If you ask nearly any GAA player what month they dislike playing at the most, the overwhelming majority will say January. Yet, the GAA gods in their divine wisdom chose to schedule the start of both the Fitzgibbon and Sigerson cups as well as both the football and hurling league all in January.
I believe that this is a recipe for disaster which leads to disastrous results. I only have to look at NUI Galway’s Sigerson and Fitzgibbon cup teams for what can go wrong with this schedule. Four players between the two sides suffered season ending injuries before the season has begun, which I think is connected to the unattainable work schedule.
This is a result of not just the poor scheduling by the GAA, but also poor communication between the counties and the colleges both of whom seemed to be content to use the plays as much as physically impossible. It is not just in Galway where players are overworked; it seems to happen in every county. Kerry’s Tony Brosnan and Jack Savage both came for Kerry in a pre-season match hours after lining out in the Sigerson cup.
Every manager feels that their team comes first and there are no ‘ifs, buts or maybes’ that can convince them otherwise. For this reason, there needs to be a schedule change that can accommodate everyone, which I know is some far off dream and knowing the GAA, I believe they won’t address the problem until every player in the country is injured.
Of course, it is a bit of a generalisation to say that this is the case for all players. There are plenty of counties and colleges that are trying not to overplay their players, but they are the exception not the rule. Not only is the overplaying of players causing, in my eyes, multiple injuries, but it’s also causing injuries at the worst point of their careers, just when they’re getting started. Tommy Conroy will miss the entire season for Mayo in what would have only been his second full season with the county.

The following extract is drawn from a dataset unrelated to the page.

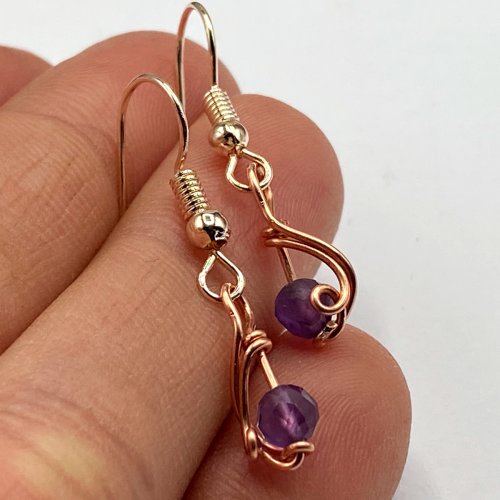Erika Pal's Birthstone Wire Earrings - , Contemporary Wire Jewelry, Loops, Wire Loop, Wrapped Wire Loop, Wire Wrapping, Wrapping, Wire Wrapping Jewelry, Repeat the same steps with the second earring as well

The GAA needs to protect its players and leaving it up to the management of the counties and colleges will solve nothing. Both sides will say that January is one of the most important times of the year for their squads and they need to be playing together if they want to stand a chance to win some silverware.
The amount of change that the GAA calendar and format has gone through in the last decade only for this problem to remain unresolved is baffling. The All-Ireland finals are in July and the GAA is still forcing so many games into a short period of time during the worst part of the year, sometimes all you can do is laugh.